In [1]:
import json
from tqdm import tqdm

In [11]:
# Whatsup dataset download link: https://drive.google.com/drive/u/0/folders/164q6X9hrvP-QYpi3ioSnfMuyHpG5oRkZ

version = "b"
annotations = []
if 'a' in version:
    annotations.extend(json.load(open("../data/whatsup_vlms/controlled_images_dataset.json", "r")))
if 'b' in version:
    annotations.extend(json.load(open("../data/whatsup_vlms/controlled_clevr_dataset.json", "r")))

print("num_examples = ", len(annotations))
print("E.g.")
annotations[0]

num_examples =  408
E.g.


{'image_path': 'data/controlled_clevr/mug_right_of_knife.jpeg',
 'caption_options': ['A mug to the right of a knife',
  'A mug in front of a knife',
  'A mug behind a knife',
  'A mug to the left of a knife']}

In [16]:
### write to json with triplet representations
J = []
SUBJ, OBJ = [], []
for a in tqdm(annotations):
    filename = a['image_path'][5:]
    tmp = a['image_path'].split("/")[-1][:-5].split("_")
    subj, obj = tmp[0], tmp[-1]
    SUBJ.append(subj)
    OBJ.append(obj)
    r = " ".join(tmp[1:-1])
    J.append([
        a['caption_options'][0],
        "whatsup_vlms/" + filename,
        (subj, obj, r)
    ])
print("\n=== Statistics of original WhatsUp dataset ===")
print("     #instances = ", len(J))
print("     #unique subj = ", len(set(SUBJ)))
print("     #unique obj = ", len(set(OBJ)))
print("     #unique concepts = ", len(set(SUBJ).union(set(OBJ))))
print("     #unique train_triplets = ", len(set([a[-1] for a in J])))
#json.dump(J, open(f"../data/aggregated/whatsup_vlm_{version}.json", "w"), indent=4)


100%|██████████| 408/408 [00:00<00:00, 370646.75it/s]

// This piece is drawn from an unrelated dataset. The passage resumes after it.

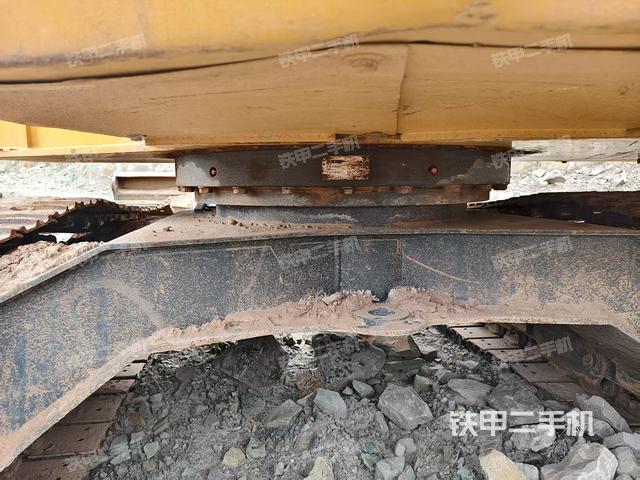 回转马达和主控阀（整机外观）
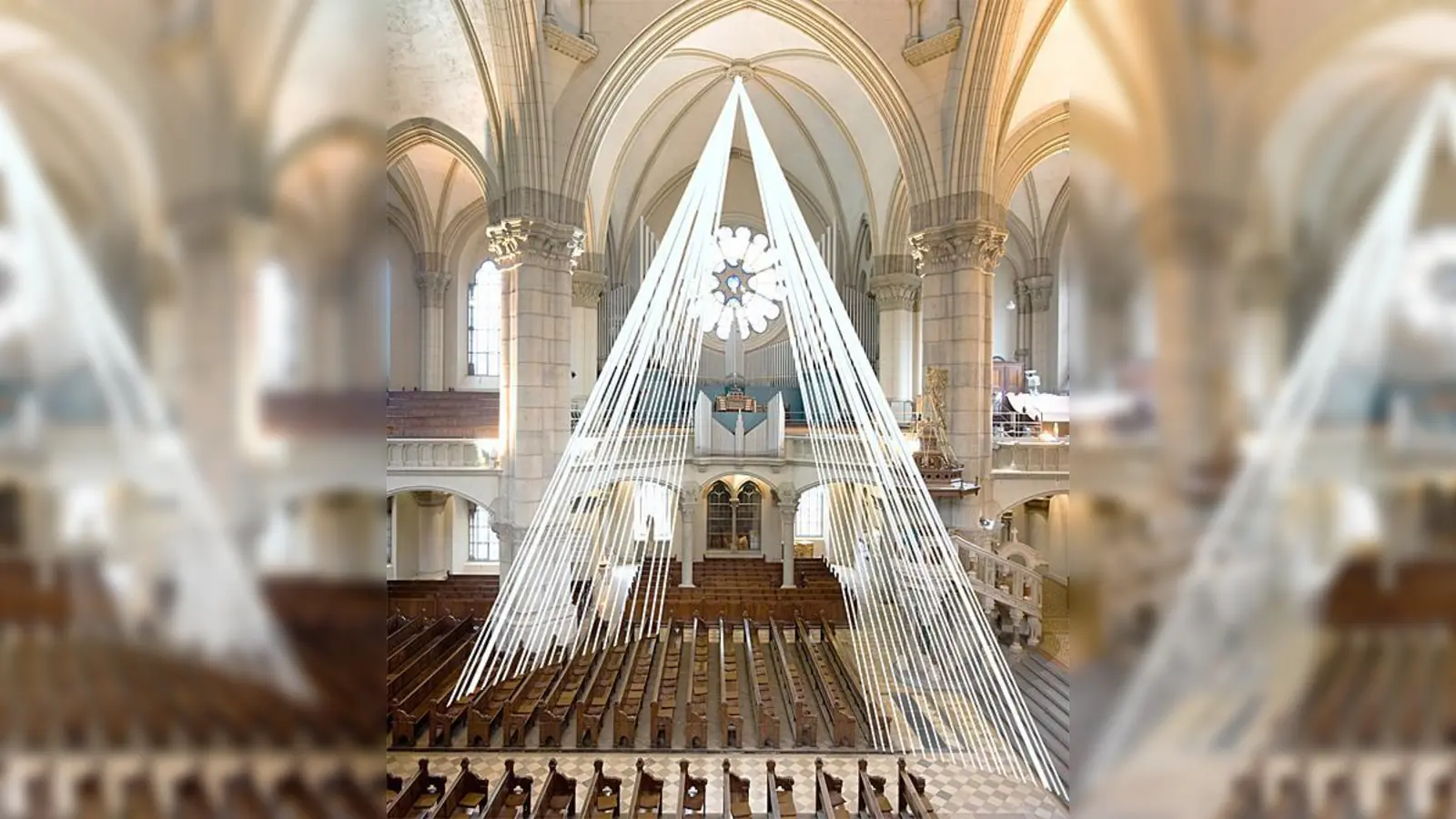 Zwischen Himmel und Erde,  Installation von Johannes Pfeiffer in St. Lukas, Lehel.  (Foto: Dekanat/Johannes Pfeiffer)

=== Statistics of original WhatsUp dataset ===
     #instances =  408
     #unique subj =  9
     #unique obj =  17
     #unique concepts =  18
     #unique train_triplets =  408





In [19]:
SYMMETRIC_REL = {
    "left of": "right of",
    "right of": "left of", 
    "in-front of": "behind", 
    "behind": "in-front of",
}

### write to json, filtering for relations (rel_version) and objects (skip_nouns)
### toggle autofill --- only works for version b
J = []
SUBJ, OBJ = [], []
assert version == "b"
autofill_symmetric_rel = True
skip_nouns = ["sunglasses", "remote", "phone"] # None #
rel_version = "lr"

suffix = "_autofill" if autofill_symmetric_rel else ""
if skip_nouns is not None: suffix += "_remove_" + "_".join([x[:3] for x in skip_nouns])
for a in tqdm(annotations):
    filename = a['image_path'][5:]
    tmp = a['image_path'].split("/")[-1][:-5].split("_")
    subj, obj = tmp[0], tmp[-1]
    if skip_nouns is not None and (subj in skip_nouns or obj in skip_nouns): continue
    SUBJ.append(subj)
    OBJ.append(obj)
    r = " ".join(tmp[1:-1])
    if rel_version == "lr" and r in ["in-front of", "behind"]: continue
    if rel_version == "fb" and r in ['left of', "right of"]: continue
    J.append([
        a['caption_options'][0],
        "whatsup_vlms/" + filename,
        (subj, obj, r)
    ])

if autofill_symmetric_rel:
    autofill = []
    for a in J:
        subj, obj, r = a[-1]
        change_r = a[0].replace(r, SYMMETRIC_REL[r])
        tmp = change_r.split()
        tmp[1] = obj
        tmp[-1] = subj
        autofill.append([
            " ".join(tmp),
            a[1],
            (obj, subj, SYMMETRIC_REL[r])
        ])
        SUBJ.append(obj)
        OBJ.append(subj)
        
    print(f"\nautofill {len(autofill)} tuples")
    J.extend(autofill)

print("\n=== Statistics of preprocessed WhatsUp dataset ===")
print("     #instances = ", len(J))
print("     #unique subj = ", len(set(SUBJ)))
print("     #unique obj = ", len(set(OBJ)))
print("     #unique concepts = ", len(set(SUBJ).union(set(OBJ))))
print("     #unique train_triplets = ", len(set([a[-1] for a in J])))
#json.dump(J, open(f"../data/aggregated/whatsup_vlm_{version}_{rel_version}{suffix}.json", "w"), indent=4)


100%|██████████| 408/408 [00:00<00:00, 713328.90it/s]


autofill 154 tuples

=== Statistics of preprocessed WhatsUp dataset ===
     #instances =  308
     #unique subj =  15
     #unique obj =  15
     #unique concepts =  15
     #unique train_triplets =  308